# TASK ITEM:
Return exactly the lines of the entries, from the one with "vCard 78443581362" to the last.

Short descriptive text snippets
# # # #
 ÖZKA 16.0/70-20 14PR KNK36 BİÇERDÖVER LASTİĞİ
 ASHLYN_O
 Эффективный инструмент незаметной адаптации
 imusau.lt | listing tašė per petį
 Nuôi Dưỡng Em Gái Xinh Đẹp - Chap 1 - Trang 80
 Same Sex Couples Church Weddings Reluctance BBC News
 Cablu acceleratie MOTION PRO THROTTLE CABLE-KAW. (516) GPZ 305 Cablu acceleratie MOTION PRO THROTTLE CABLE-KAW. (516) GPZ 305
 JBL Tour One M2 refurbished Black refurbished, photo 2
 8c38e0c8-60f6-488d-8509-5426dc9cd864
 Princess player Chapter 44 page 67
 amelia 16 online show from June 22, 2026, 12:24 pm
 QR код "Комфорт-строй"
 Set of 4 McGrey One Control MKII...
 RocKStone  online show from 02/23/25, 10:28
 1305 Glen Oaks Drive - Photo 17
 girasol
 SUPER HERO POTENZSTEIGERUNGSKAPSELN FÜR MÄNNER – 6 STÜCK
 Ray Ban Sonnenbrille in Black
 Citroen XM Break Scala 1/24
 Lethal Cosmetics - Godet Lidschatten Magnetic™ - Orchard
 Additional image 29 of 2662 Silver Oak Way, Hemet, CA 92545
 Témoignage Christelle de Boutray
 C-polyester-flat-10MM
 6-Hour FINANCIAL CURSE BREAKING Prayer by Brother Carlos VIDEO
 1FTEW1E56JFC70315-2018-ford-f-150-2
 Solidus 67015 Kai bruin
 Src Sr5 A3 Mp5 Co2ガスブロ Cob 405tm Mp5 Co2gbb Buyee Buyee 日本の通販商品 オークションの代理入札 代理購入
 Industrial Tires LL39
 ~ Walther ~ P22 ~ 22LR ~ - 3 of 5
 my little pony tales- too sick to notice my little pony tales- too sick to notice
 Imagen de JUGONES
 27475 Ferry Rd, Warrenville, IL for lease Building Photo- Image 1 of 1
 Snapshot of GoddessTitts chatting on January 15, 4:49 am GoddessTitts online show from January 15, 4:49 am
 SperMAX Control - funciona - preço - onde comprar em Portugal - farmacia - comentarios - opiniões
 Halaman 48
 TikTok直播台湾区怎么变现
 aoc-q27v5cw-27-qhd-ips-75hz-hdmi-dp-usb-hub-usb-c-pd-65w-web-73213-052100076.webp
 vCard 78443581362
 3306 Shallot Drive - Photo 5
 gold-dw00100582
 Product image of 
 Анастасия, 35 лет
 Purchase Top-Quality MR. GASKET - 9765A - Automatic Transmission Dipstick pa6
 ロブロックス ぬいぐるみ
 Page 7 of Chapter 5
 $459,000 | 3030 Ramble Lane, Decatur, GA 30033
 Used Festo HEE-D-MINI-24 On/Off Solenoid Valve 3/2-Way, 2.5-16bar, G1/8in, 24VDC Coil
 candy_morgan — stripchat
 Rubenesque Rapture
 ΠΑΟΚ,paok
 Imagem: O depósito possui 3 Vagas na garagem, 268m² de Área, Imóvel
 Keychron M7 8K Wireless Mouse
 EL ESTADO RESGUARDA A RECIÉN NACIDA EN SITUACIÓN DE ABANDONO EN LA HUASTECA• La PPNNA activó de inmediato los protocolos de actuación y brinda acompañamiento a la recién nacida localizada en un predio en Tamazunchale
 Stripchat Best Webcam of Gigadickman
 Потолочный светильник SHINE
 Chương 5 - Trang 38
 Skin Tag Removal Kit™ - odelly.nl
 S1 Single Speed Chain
# # # #
# SOLUTION TO THE PROBLEM:
 vCard 78443581362
 3306 Shallot Drive - Photo 5
 gold-dw00100582
 Product image of 
 Анастасия, 35 лет
 Purchase Top-Quality MR. GASKET - 9765A - Automatic Transmission Dipstick pa6
 ロブロックス ぬいぐるみ
 Page 7 of Chapter 5
 $459,000 | 3030 Ramble Lane, Decatur, GA 30033
 Used Festo HEE-D-MINI-24 On/Off Solenoid Valve 3/2-Way, 2.5-16bar, G1/8in, 24VDC Coil
 candy_morgan — stripchat
 Rubenesque Rapture
 ΠΑΟΚ,paok
 Imagem: O depósito possui 3 Vagas na garagem, 268m² de Área, Imóvel
 Keychron M7 8K Wireless Mouse
 EL ESTADO RESGUARDA A RECIÉN NACIDA EN SITUACIÓN DE ABANDONO EN LA HUASTECA• La PPNNA activó de inmediato los protocolos de actuación y brinda acompañamiento a la recién nacida localizada en un predio en Tamazunchale
 Stripchat Best Webcam of Gigadickman
 Потолочный светильник SHINE
 Chương 5 - Trang 38
 Skin Tag Removal Kit™ - odelly.nl
 S1 Single Speed Chain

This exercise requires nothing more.